Para Tomás de Aquino a morte não era apenas um evento futuro, mas uma realidade que deveria moldar a vida presente. Enfatizava a importância de se viver de acordo com os princípios éticos e morais, preparando-se sempre para a jornada da alma após a morte. Schopenhauer, influenciado pelo pensamento oriental, via a morte como parte integrante do sofrimento humano inerente à existência. Considerava a negação do desejo como um caminho para transcender o sofrimento, inclusive o associado à morte.
Nietzsche abordou a mortalidade de maneiras diversas, proclamando a ideia do "eterno retorno", e sugerindo que, se a vida é finita, ela deve ser vivida de maneira intensa e autêntica. Também questionou as noções tradicionais de vida após a morte, considerando-as como formas de escapismo. Pensadores como Heidegger e Sartre, distanciaram-se ainda mais da perspectiva religiosa sobre a morte. Heidegger abordou a mortalidade em sua obra "Ser e Tempo", examinando a finitude da existência humana, e destacando a importância de se confrontar a própria mortalidade para que se possa viver uma existência autêntica. Por sua vez, Sartre considerou a morte como parte inerente da condição humana, argumentando que a consciência da finitude é fundamental para a responsabilidade pessoal.
Martin Heidegger
/ Jean Paul Sartre Granger Collection
No Xintoísmo, a visão sobre a morte é influenciada por uma compreensão animista e reverencial da natureza. Em sua cosmogonia, os kami são divindades ou espíritos que podem residir em elementos naturais, objetos, lugares e até mesmo antepassados. A morte é vista como uma transição para a esfera dos kami. Para os xintoístas, a morte é considerada como parte natural do ciclo da vida e da natureza. Ela não é vista como o fim, mas como uma continuação em uma forma espiritual.

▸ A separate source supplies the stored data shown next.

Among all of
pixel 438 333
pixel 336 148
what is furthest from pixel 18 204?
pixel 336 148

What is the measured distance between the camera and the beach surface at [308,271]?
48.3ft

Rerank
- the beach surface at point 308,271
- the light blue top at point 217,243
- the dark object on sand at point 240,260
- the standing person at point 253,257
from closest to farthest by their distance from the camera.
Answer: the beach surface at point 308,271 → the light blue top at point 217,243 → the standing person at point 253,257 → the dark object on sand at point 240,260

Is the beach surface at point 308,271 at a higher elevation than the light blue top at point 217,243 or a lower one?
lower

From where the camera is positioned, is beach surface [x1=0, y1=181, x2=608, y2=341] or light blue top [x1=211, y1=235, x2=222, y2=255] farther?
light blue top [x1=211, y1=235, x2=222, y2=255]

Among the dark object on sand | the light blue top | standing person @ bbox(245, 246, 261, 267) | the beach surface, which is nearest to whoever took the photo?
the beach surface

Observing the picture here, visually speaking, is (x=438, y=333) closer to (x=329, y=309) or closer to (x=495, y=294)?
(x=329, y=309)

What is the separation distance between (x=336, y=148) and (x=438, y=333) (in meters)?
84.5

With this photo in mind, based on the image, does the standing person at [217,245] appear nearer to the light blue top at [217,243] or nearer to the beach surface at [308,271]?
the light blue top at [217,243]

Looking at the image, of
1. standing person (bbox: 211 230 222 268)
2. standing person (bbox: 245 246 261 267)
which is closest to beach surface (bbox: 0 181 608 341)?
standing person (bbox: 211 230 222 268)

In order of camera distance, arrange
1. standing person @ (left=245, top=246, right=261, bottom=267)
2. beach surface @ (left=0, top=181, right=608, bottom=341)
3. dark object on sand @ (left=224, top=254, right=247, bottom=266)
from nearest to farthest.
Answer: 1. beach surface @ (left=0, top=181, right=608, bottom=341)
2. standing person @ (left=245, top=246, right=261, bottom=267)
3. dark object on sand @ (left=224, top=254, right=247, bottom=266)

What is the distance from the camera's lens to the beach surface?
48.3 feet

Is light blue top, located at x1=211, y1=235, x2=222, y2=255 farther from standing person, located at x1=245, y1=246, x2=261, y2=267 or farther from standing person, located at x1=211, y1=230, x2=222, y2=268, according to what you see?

Para o hinduísmo, a vida é um ciclo contínuo de morte e renascimento, conhecido como Samsara, onde a morte é considerada como uma transição para outra forma de existência, determinada pelo karma acumulado durante a vida anterior. Ao morrer, cada um colhe as consequências das ações passadas e inicia um novo ciclo de vida com base no karma. O objetivo final, segundo o hinduísmo, é alcançar a libertação do ciclo de reencarnação. Nessa perspectiva, a morte é considerada como uma oportunidade para se progredir espiritualmente em direção ao estado de libertação do Samsara.
O budismo ensina que tudo na vida é impermanente, incluindo a própria vida. A morte é vista como uma parte natural desse processo de mudança constante. Aceitar a impermanência é considerado essencial para alcançar a compreensão profunda da realidade. A morte não é o fim definitivo, mas uma transição para outra forma de existência no ciclo de renascimento. A qualidade das ações durante a vida atual influencia decisivamente a natureza do próximo renascimento. A busca pela libertação do ciclo de renascimento é guiada por essa compreensão e pelas práticas que visam a iluminação.

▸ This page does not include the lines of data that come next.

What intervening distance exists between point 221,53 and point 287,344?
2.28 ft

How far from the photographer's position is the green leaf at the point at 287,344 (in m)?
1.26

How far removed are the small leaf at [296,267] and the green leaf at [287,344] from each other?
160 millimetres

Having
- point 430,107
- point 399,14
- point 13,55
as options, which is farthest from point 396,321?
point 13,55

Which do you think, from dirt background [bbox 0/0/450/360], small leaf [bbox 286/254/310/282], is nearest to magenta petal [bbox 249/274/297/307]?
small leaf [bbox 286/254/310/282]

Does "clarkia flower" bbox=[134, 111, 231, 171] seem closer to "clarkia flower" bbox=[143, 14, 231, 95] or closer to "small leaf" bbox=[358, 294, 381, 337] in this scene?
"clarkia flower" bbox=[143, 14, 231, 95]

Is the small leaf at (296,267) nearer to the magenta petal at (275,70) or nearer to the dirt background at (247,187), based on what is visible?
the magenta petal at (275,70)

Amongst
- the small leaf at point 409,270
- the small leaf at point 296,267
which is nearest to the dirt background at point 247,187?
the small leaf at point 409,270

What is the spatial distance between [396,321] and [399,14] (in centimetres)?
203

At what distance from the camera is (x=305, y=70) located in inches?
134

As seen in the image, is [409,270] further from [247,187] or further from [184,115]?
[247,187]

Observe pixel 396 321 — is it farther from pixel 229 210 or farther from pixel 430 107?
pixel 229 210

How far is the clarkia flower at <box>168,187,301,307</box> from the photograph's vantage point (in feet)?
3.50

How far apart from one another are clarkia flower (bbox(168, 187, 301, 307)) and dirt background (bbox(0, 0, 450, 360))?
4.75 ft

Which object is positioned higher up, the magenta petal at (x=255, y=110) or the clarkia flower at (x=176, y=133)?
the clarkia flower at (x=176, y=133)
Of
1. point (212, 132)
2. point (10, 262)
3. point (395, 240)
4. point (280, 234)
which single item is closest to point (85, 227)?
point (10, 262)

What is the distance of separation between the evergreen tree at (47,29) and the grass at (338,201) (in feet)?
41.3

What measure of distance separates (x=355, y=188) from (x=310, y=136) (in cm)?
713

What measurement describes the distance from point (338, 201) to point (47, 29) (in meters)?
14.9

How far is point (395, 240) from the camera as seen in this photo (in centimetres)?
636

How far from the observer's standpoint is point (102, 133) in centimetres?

No judaísmo, a visão da morte é moldada por diversos costumes e ensinamentos presentes nas Escrituras e na tradição judaica. Algumas correntes, como o Judaísmo Ortodoxo, acreditam na ressurreição dos mortos no Messias, enquanto outras, como o Judaísmo Reformista, tem crenças mais abstratas sobre uma existência espiritual após a morte. O judaísmo enfatiza a importância da vida nesta Terra e a responsabilidade do indivíduo perante Deus e a comunidade. A atenção é dada à prática da justiça, caridade e estudo da Torá durante a vida terrena.
Na visão cristã sobre a morte, a alma é imortal. Após a morte física, a alma passa para uma existência eterna. Nos Evangelhos, a concepção sobre a morte está centrada na ideia da vida após a morte e na importância da fé. Os Evangelhos enfatizam a ressurreição e a promessa de vida eterna para aqueles que creem em Jesus, proclamando que aqueles que seguem seus ensinamentos não morrerão, mas terão vida eterna. A morte, portanto, é vista como uma passagem para uma existência além desta vida terrena, com o julgamento final sendo um aspecto crucial desse entendimento.

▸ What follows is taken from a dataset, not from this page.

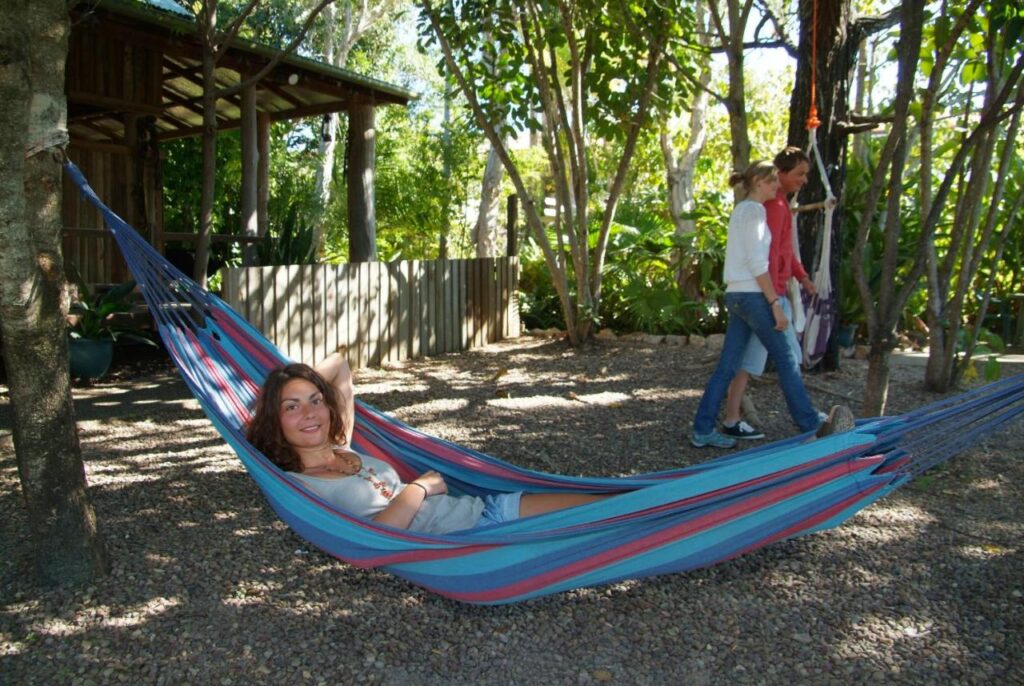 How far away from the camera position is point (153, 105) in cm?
739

Nas Epístolas do Novo Testamento e no Livro do Apocalipse, a abordagem da morte se concentra em temas como redenção, salvação e juízo final. Em suas Epístolas, Paulo destaca a importância da morte de Jesus na cruz como um meio de reconciliação e perdão dos pecados, oferecendo a promessa de vida eterna aos crentes. A morte é vista como uma transição para uma realidade espiritual, onde a fé desempenha um papel fundamental. No Apocalipse de João, a morte é abordada no contexto do julgamento divino, enfatizando o juízo sobre os homens e a vitória de Deus sobre o mal. A ressurreição dos mortos e a derrota da morte são os temas proeminentes, apontando para um futuro onde não haverá mais dor, sofrimento ou morte para aqueles que pertencem a Deus.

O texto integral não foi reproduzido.